I’ve read a few parenting books over the years, but there are common sense life skills authors seem to miss out on, namely the art of using public restrooms without touching anything.
This is when I wish I had some mad Criss Angel levitating skills to pass down to my girls, but the hover over the toilet seat technique will do, provided you remember to emphasize how important it is to not touch any porcelain surfaces in a public restroom setting.
Last Saturday we had the craziest day imaginable and I just kept telling myself if we could make it through the day that the rest of this month, heck the rest of this year, would be a breeze. It was one of those days where we had to stick to a strict timetable, as well as reapply our deodorant 500 times.
Miss C had an 8 a.m. soccer tournament game an hour from our house in Smyrna, Tennessee, and we left our house fully caffeinated at 6:30 to make it to the fields in time for pre-game practice. We also had a 3 p.m. wedding in Cadiz, Kentucky, near Land Between the Lakes which is a 2-hour drive from our house, in an entirely different direction. Inbetween all this was Miss A’s first regular soccer league game at 11:45. I hadn’t even mentioned her game to her because I just didn’t see how we’d make it but then she pulled the ole, “It’s OK if we miss my game, Miss C’s is more important,” and that shot a dagger of mama guilt straight through my heart.
We got home from the morning tournament around 11, though, and my husband declared, “We are going to Miss A’s game!” We scrambled to get as ready for the wedding as we could within reason. He and I wore most of our wedding attire to the soccer fields (he just had to change from a t-shirt to a dress shirt and I wore hot pink flip flops with my sleeveless silk dress) and I packed the girls’ dresses and dress shoes in the car, with the plan to stop somewhere en route off the interstate for a quick change either in the car or in a gas station or fast food restaurant bathroom.

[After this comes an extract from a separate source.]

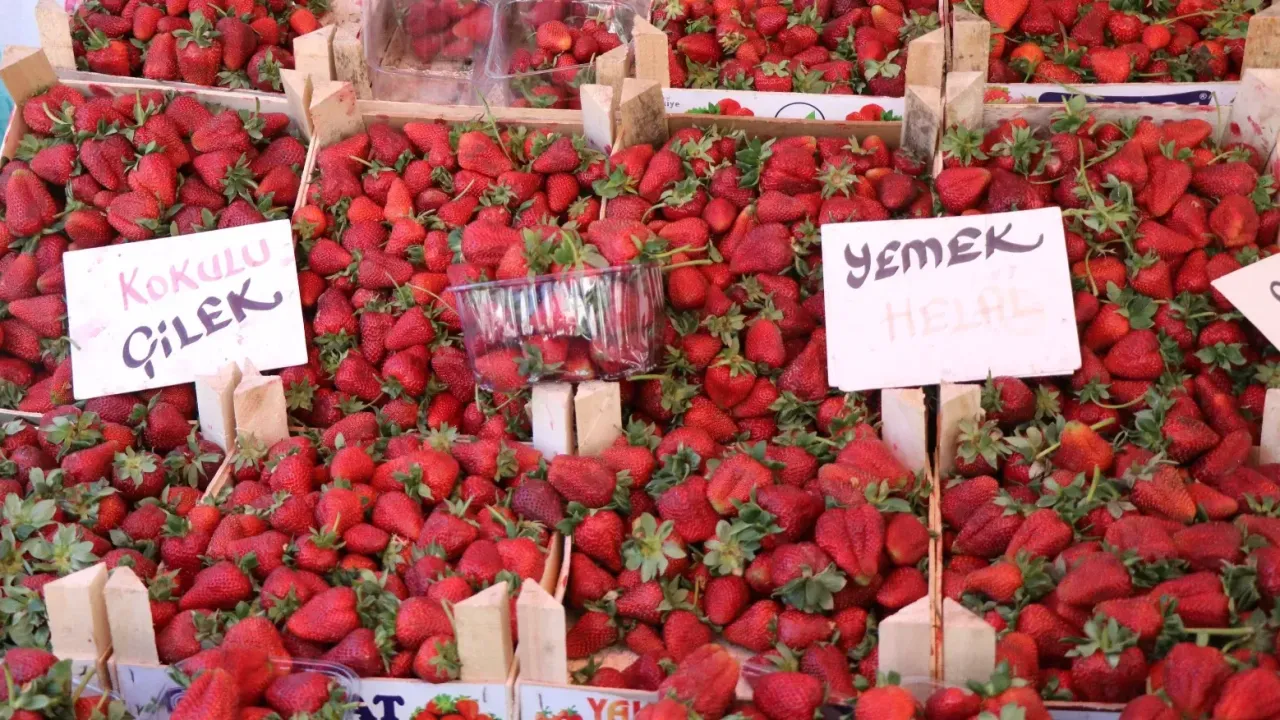 Bolu’da Yaz Bereketi Tezgâhlara Yansıdı Pazar Filesi Doluyor!Q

I know. We’re crazy. But as hubby said at one point it was the good kind of crazy you can share with your family.
We left Miss A’s soccer game with about 5 minutes left of play since it was getting close to 1 p.m. and we needed to get on the road for Kentucky if we were going to make it to the 3 p.m. wedding. About an hour into the drive to the wedding we stopped for gas, because of course our tank was nearly empty. Knowing we had no time to spare, I grabbed Miss C’s hand and ran to the gas station bathroom so she and I could use the restroom and she could change into her dress. Miss A changed into her dress in the back of the car while hubby filled our gas tank.

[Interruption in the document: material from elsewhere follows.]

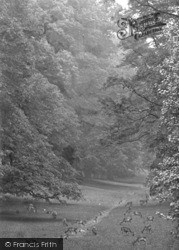 Deer In Cowdray Park 1921, Midhurst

Now gas station bathrooms are hit or miss. This one was bordering on full-on disgusting so my freak out dialogue went something like this:
Uh yuck.
OK don’t touch ANYTHING!
DON’T SIT on that SEAT! Hover, hover! Like this!
I proceeded to hover in the air over an imaginary toilet and prayed there was no hidden camera in the soap dispenser.
We made it through the toilet ordeal and then I helped Miss C tear out of her soccer uniform and slip into a black and white strappy sundress. She’d brought her dress shoes into the restroom and then proceeded to nonchalantly take her Crocs off and step onto the floor barefoot….the floor of the disgusting gas station bathroom.
I decided then and there not to have an OCD mom meltdown and have an extra glass of wine at the wedding instead.
We made it to the wedding with 5 minutes to spare.